Per me lui era un attore favoloso, che spaziava su qualunque genere, dal comico
al drammatico. Poi ovviamente c’erano quelli di teatro come Alberto Lionello,
Enrico Maria Salerno, Tino Buazzelli e quelli del Piccolo Teatro con i quali ho
avuto la fortuna di lavorare all’inizio.
Che ricordi hai di Giorgio Strehler?
Di Strehler ho dei ricordi bellissimi. Lui
era un personaggio particolare, era una persona geniale, era uno che ti sapeva
affascinare, sedurre e ti saresti
gettato nel fuoco per lui, perché ti faceva sentire di un’importanza
straordinaria. Poi era anche bello tosto artisticamente. Era duro, ti aggrediva,
ma mai umanamente, ma perché la scena, l’interpretazione non veniva bene.
Quando dicono di lui che urlava, io che ci sono stato lì quasi 4 anni, lui
urlava quasi con se stesso, perché magari le cose non venivano bene o non
riuscivano come voleva lui. Lui non se la prendeva con te, se la prendeva con la
situazione, bestemmiava e ne diceva di tutti i colori. Poi era uno spasso
vederlo dirigere, perché ti faceva ammazzare dalle risate, anche
inconsapevolmente. L’ultimo spettacolo al quale ho partecipato con la sua
regia, era “La tempesta” ho sempre pensato che se il pubblico avesse visto
le prove dello spettacolo, avrebbe avuto un ricordo sublime anche perché era
geniale. Io all’accademia avevo
come tanti giovani questo desiderio di fare l’attore e il regista, quando ho
visto Strehler come conduceva e cosa volesse dire fare il regista, ho pensato
che forse questa idea me la dovevo levare dalla testa. Vedevo delle cose da quel
genio che non avrei mai potuto concepire, perché lui era fantastico. Lui aveva
una qualità straordinaria, cioè che faceva recitare anche i sassi. Se tu
facevi la comparsa e reggevi un’alabarda, ti faceva credere che quel momento
dello spettacolo dipendeva da come tu tenevi l’alabarda. Pensa che genio era.
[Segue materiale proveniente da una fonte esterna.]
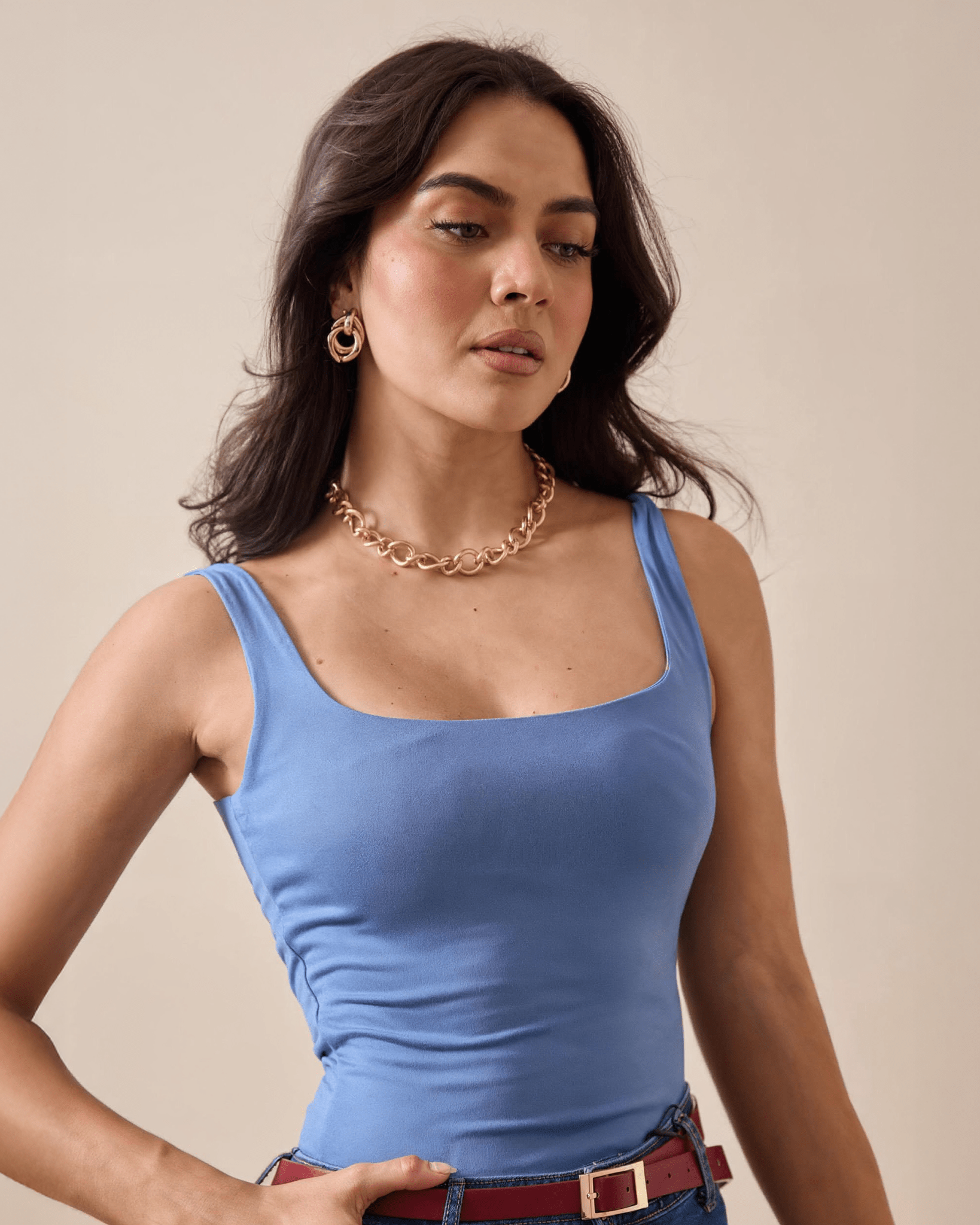 Body de Tirantes Escote Cuadrado - ROXANZ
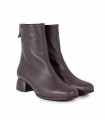 BOTINES DE PIEL DE MUJER CON TACÓN BAJO ROJO GAIMO CHUCK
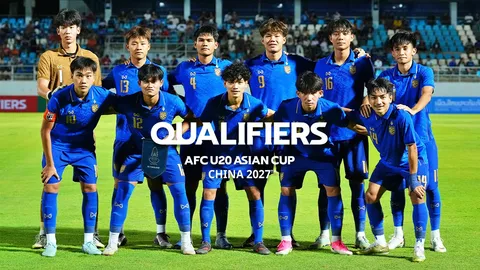 สรุปตารางคะแนนฟุตบอลชิงแชมป์เอเชีย U20 รอบคัดเลือก กลุ่ม F ได้ 2 ทีมเข้ารอบแล้ว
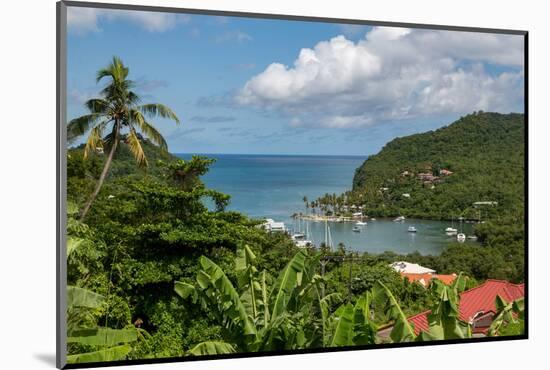 The tropical and very sheltered Marigot Bay, St. Lucia, Windward Islands, West Indies Caribbean, Ce-Martin Child-Mounted Photographic Print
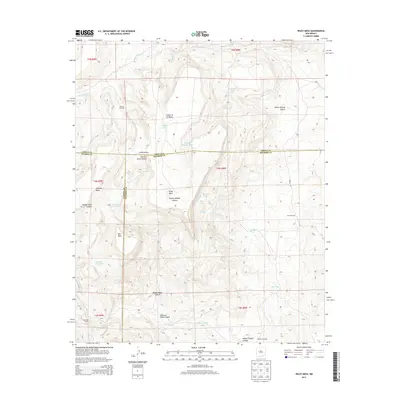 2013 Map of Wiley Mesa, 2013 Print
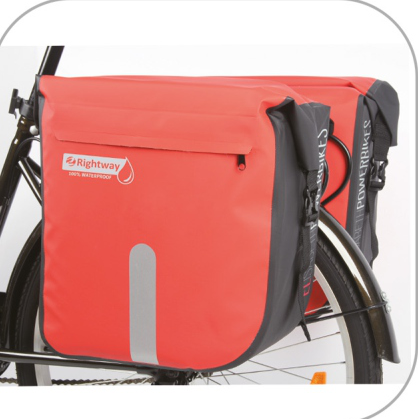 Waterproof double rear pannier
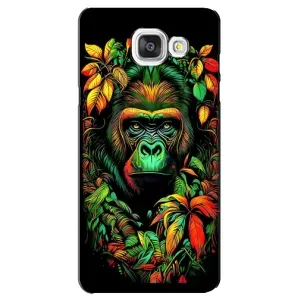 Чохол з Мавпами Samsung Galaxy A5 2016 / A5100 / A510F - (AlphaPrint) (Мавпа в квітах)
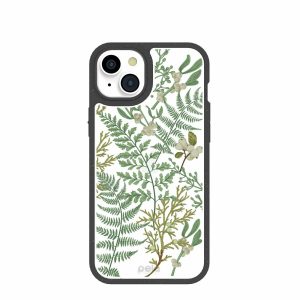 iPhone 15 Plus | Clear Herbarium iPhone 15 Plus Case With Black Ridge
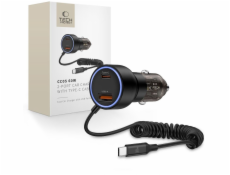 Tech-Protect Autonabíječka CC05 se 2 porty PD60W + kabel, černá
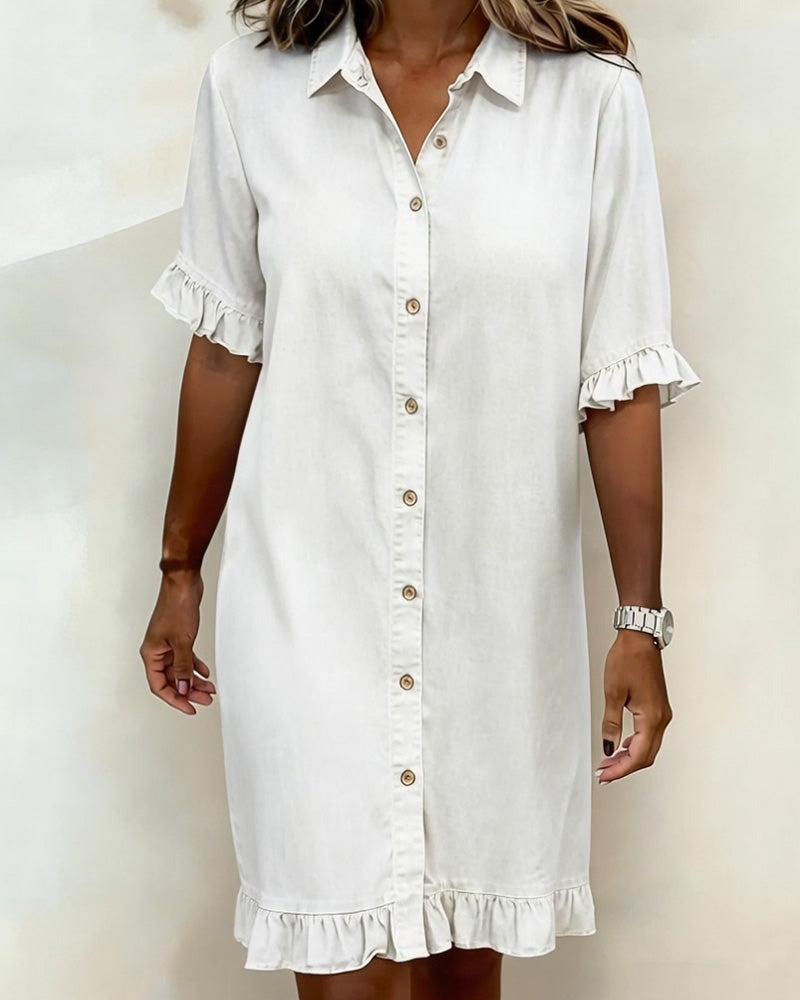 Linea Aarhus | Relaxed Dress with Soft Ruching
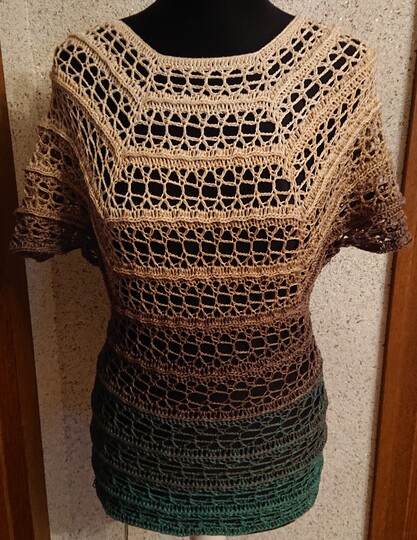 Tunika Leandra häkeln Häkeltunika T-Shirt Häkelshirt Oberteil
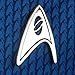 CosplaySky Star Trek Into Darkness Spock Shirt Uniform Costume Blue Version Medium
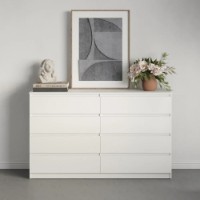 Комод MebelStar Neo 8S 160x43x98cm White (MBS-1101) фото №5 — интернет-магазин Desire.md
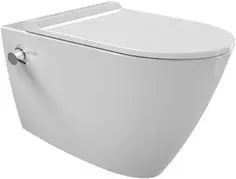 Унитаз подвесной beWash Alesta ALKA054H1VE0W5SZ0 безободковый, с функцией биде, торнадо, с сиденьем микролифт, белый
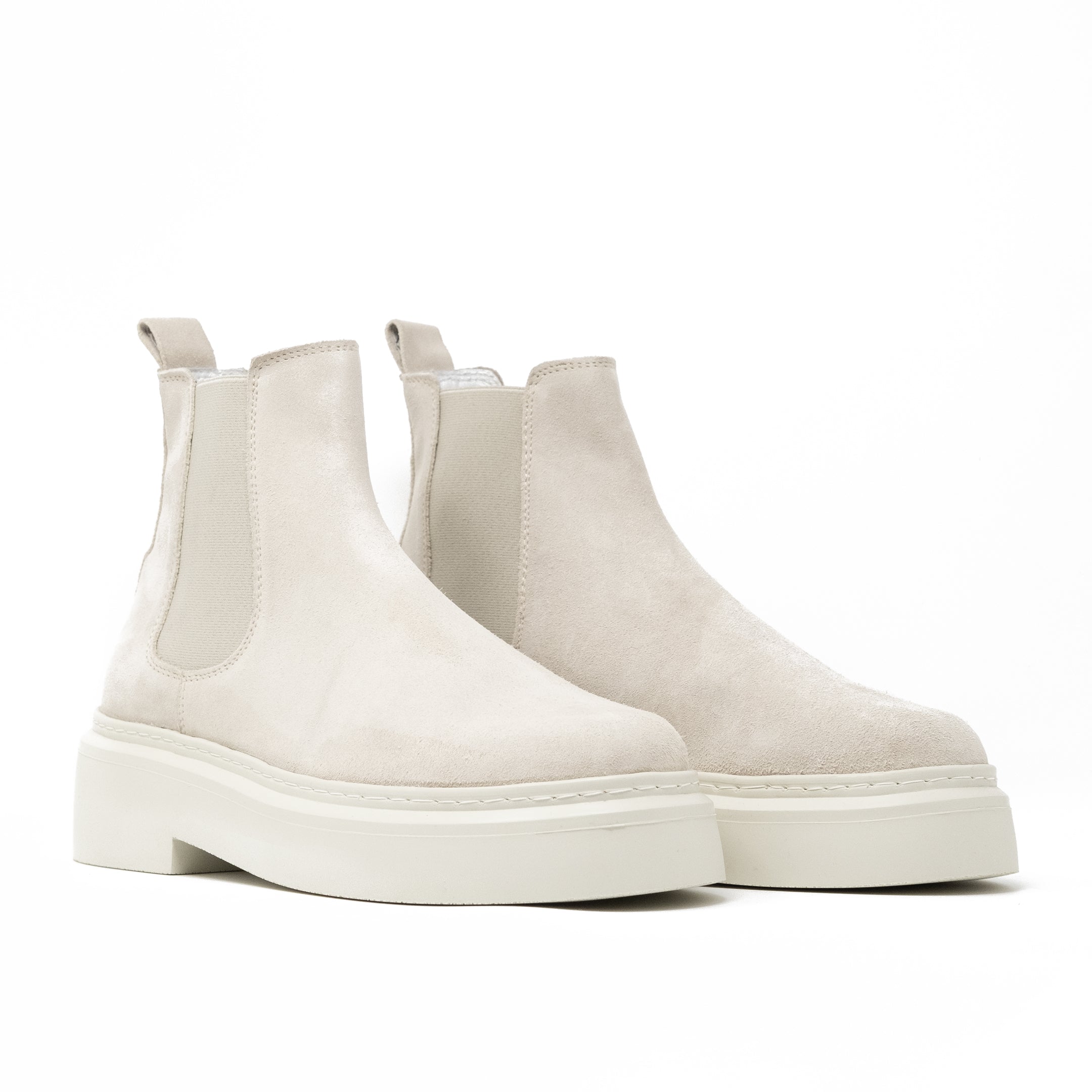 Club Cheslea Boot - White Suede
Esiste la meritocrazia nel tuo lavoro?
No, non esiste la meritocrazia nel mio
lavoro. Non è perché lavorano sempre quelli, perché è un mondo particolare,
contorto. Io volevo smettere di fare l’attore a 34 anni, ma non per scherzo,
volevo smettere seriamente, dopo aver lavorato con Strehler e con tutti gli
attori del Piccolo di Milano, dopo aver lavorato 4 anni con Glauco Mauri, dopo
aver lavorato con Anna Proclemer e con le compagnie primarie, che così allora
si chiamavano e avendo fatto ruoli importanti. Io volevo smettere perché dato
il mio carattere, pensavo che non avrei mai fatto strada perché fra i lecca
culo, fra i raccomandati, ecc… ho capito che avrei avuto vita grama in
quell’ambiente. Io sono uno che non riesce a mascherare, io sono stato a
Milano per molti anni, poi mi sono trasferito a Roma perché tutti mi dicevano:
“Tu hai la faccia per il cinema, devi andare a Roma, bla bla bla”. I primi
anni quando sono arrivato a Roma, erano i primi anni ’80, le cene, le feste
con i registi e i produttori e io dopo un po’ ho detto: “Non portatemi a
queste feste, perché faccio più danni che altro. Se
mi stai sulle scatole, mi si legge in faccia, quindi evitiamo queste
serate”. Volevo smettere per queste ragioni ed ero talmente scocciato che sono
andato a Londra proprio per non pensarci, non avevo neanche studiato inglese a
scuola. A Londra andavo spesso a
teatro fra le altre cose e vedevo questi attori meravigliosi in questi
spettacoli eccezionali e dicevo: “Io in fondo faccio questo lavoro, non sarò
bravo come loro, poco importa, perché devo mortificare la mia passione che è
ancora come quando la facevo da ragazzino all’oratorio e anche la
professionalità che ho acquisito negli anni?”. Quindi mi sono fatto un esame
di coscienza e ho pensato di darmi una calmata con il mio carattere e ho deciso
di accettare questa situazione. Così ho ricominciato da capo.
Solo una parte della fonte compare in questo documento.